On its website, the Kommandokorps describes itself as an elite organisation "protecting its own people" in the event of an attack, it writes, necessary "because the police and the military cannot provide help quickly enough".

Last year, it signed a saamstaanverdrag (a unity pact) with the Afrikaner Weerstandsbeweging (AWB) and the Suidlanders -- a small whites-only group that is awaiting the racial apocalypse -- to coordinate their security strategy together.
The organisation claims to have trained more than 1 500 Boere-Afrikaner jongmanne in defence skills over the past 11 years. Jooste, who spreads his message by e-mail and in newsletters, says that 40% of boys sign up themselves. The rest are volunteered by their parents.

The teenagers at the camp all know crime horror stories and feel responsible for protecting their families. "We always have to lock our doors at night," 18-year-old Nicolas says. "This camp will teach me how to protect my father and mother, and little brother and sister."

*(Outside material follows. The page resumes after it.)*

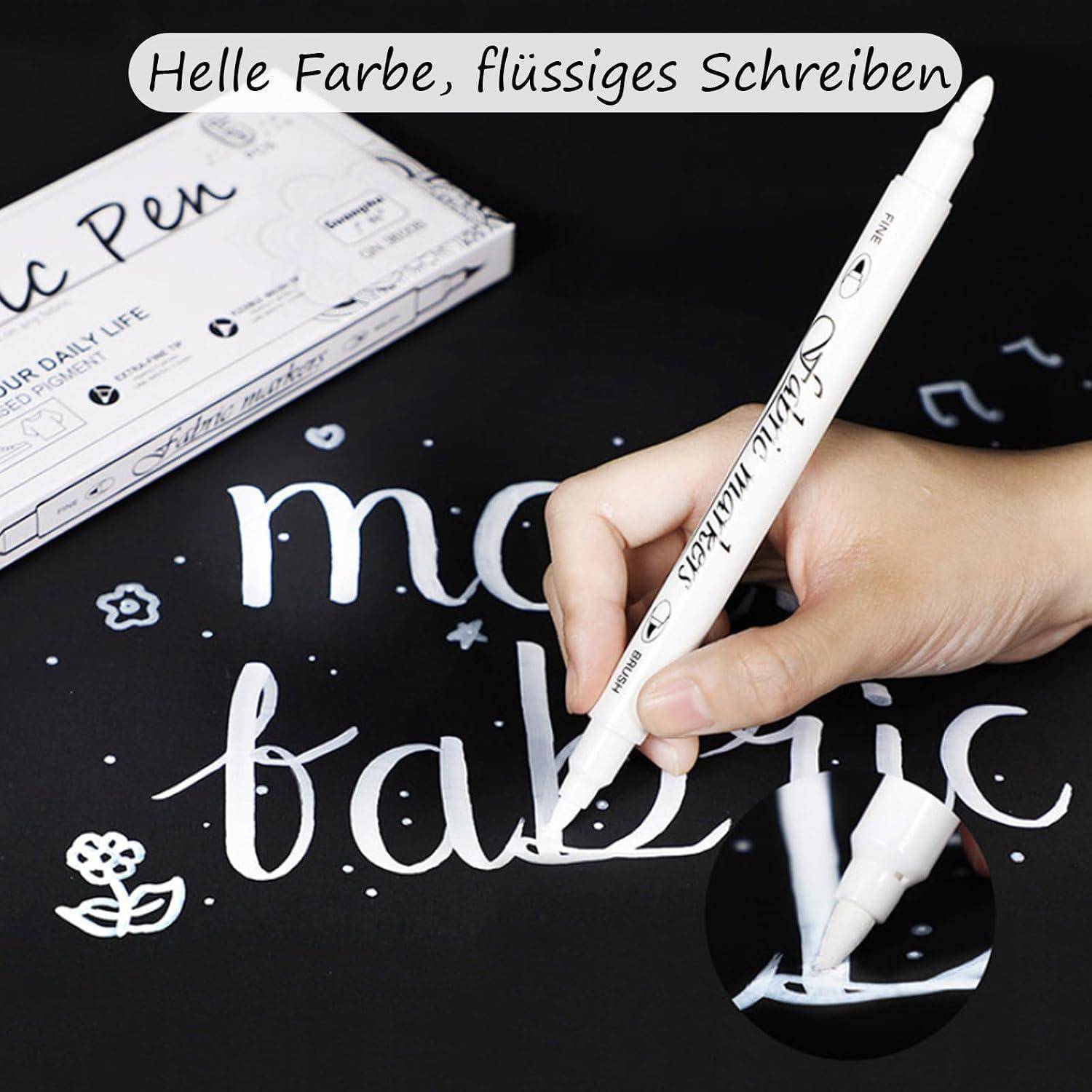 Handschrift mit einem weißen Lackstift auf schwarzem Papier; deutscher Text sagt „Helle Farbe, flüssiges Schreiben" und „mofabrie"" wird gerade geschrieben.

At 4.30am on the first morning of camp, the boys are sent out on a 2km run in their heavy army boots, down a rocky country road filled with potholes. The organisation aspires to instil discipline through sweat. The war of attrition has begun. Indoctrination takes root best in exhausted ground.

Sixteen-year-old EC is in the middle of the panting troop. He is one of the smallest boys here, a childlike teenager who is thrilled at being able to shoot his paintball gun.

'I don't like racism'
"I want to be able to defend myself. And I am also doing this for my paintball career," he says with a smile. His mother is a single mom and sent him to the camp because she feels it will be good for her boy to be surrounded by men.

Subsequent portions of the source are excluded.